## GIVEN ENTRIES

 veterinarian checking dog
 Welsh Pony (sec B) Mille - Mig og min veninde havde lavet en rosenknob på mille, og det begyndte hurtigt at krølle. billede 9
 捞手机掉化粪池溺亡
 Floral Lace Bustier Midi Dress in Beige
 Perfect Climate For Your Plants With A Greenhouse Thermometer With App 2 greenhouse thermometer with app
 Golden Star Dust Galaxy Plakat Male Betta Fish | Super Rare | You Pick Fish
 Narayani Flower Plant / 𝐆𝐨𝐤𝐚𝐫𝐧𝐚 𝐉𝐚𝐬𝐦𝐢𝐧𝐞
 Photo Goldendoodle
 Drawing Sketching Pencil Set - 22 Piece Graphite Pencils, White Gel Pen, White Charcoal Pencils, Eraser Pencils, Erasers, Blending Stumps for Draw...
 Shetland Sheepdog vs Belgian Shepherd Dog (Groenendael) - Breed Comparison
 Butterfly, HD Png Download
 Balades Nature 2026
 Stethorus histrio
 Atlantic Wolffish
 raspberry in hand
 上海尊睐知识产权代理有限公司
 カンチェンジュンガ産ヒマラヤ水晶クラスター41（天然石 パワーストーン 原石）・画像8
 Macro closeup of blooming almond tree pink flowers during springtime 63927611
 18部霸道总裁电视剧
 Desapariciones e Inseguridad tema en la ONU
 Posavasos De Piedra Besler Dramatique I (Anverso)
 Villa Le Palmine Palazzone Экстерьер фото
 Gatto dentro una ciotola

## WHAT THIS TASK INVOLVES
In the entries, the line containing "Villa Le Palmine Palazzone Экстерьер фото" and every line after it through the last are to be duplicated exactly, and no other line is to be included.

## ANSWER SECTION
 Villa Le Palmine Palazzone Экстерьер фото
 Gatto dentro una ciotola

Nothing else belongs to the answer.